[TASK DESCRIPTION]
Copy only what lies from the line containing "Now the inset" through the line containing "On the first" in the entries below, keeping both end lines exact and dropping every picture.

[EXCERPTED RECORDS]
Start of Block

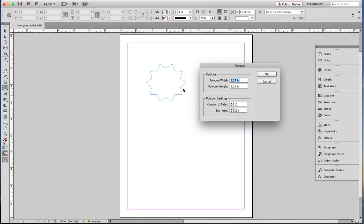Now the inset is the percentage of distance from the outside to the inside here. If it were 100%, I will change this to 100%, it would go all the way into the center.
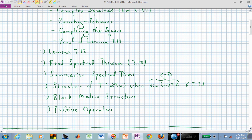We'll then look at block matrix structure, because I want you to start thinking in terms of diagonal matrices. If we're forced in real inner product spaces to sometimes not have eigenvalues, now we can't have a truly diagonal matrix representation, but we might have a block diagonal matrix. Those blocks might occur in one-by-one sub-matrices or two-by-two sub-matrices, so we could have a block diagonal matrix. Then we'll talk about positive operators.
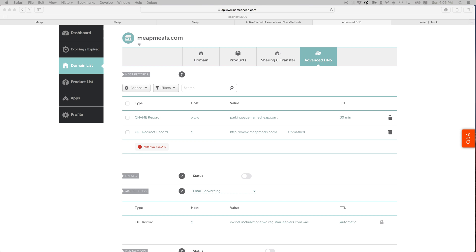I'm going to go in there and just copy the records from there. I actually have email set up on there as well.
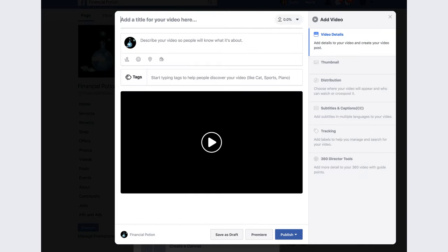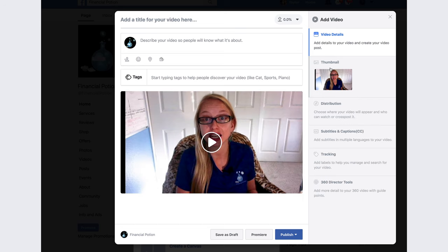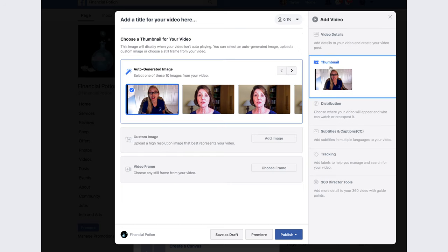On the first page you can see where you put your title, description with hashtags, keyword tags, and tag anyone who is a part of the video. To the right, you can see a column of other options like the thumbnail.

End of Block
Start of Block

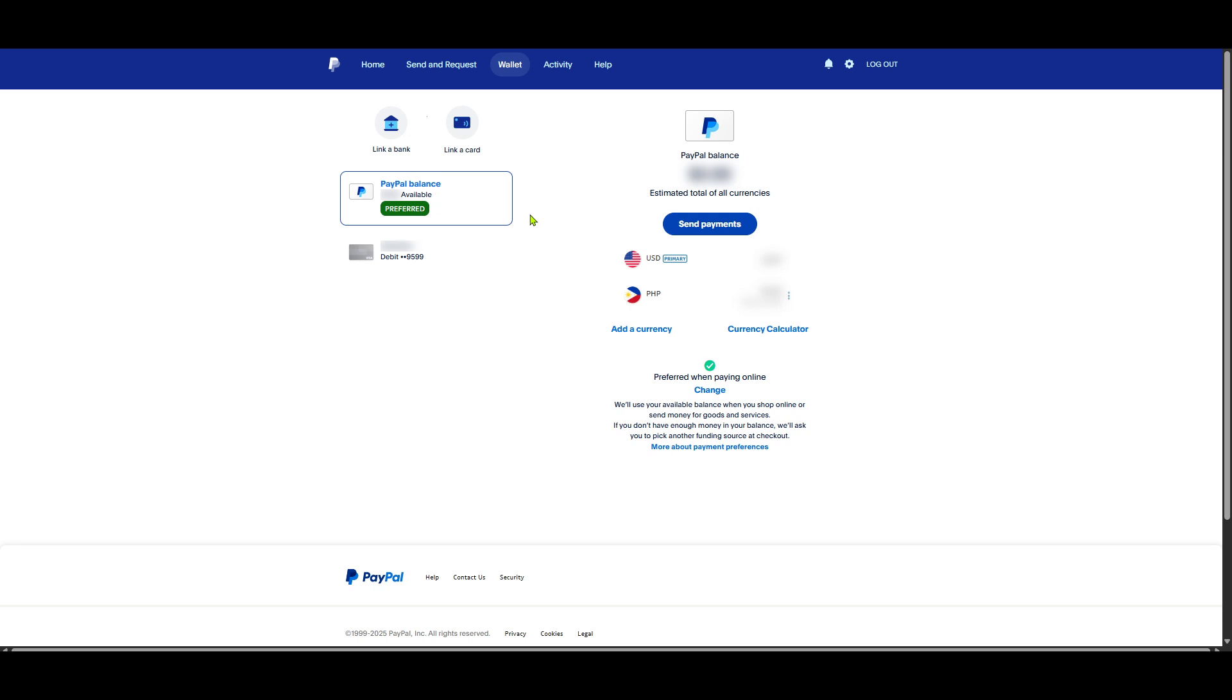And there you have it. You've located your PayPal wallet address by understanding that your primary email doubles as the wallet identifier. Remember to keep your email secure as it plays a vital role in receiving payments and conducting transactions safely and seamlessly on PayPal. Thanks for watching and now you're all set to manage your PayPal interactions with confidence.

End of Block

[RESULT BELOW]
Now the inset is the percentage of distance from the outside to the inside here. If it were 100%, I will change this to 100%, it would go all the way into the center.
We'll then look at block matrix structure, because I want you to start thinking in terms of diagonal matrices. If we're forced in real inner product spaces to sometimes not have eigenvalues, now we can't have a truly diagonal matrix representation, but we might have a block diagonal matrix. Those blocks might occur in one-by-one sub-matrices or two-by-two sub-matrices, so we could have a block diagonal matrix. Then we'll talk about positive operators.
I'm going to go in there and just copy the records from there. I actually have email set up on there as well.
On the first page you can see where you put your title, description with hashtags, keyword tags, and tag anyone who is a part of the video. To the right, you can see a column of other options like the thumbnail.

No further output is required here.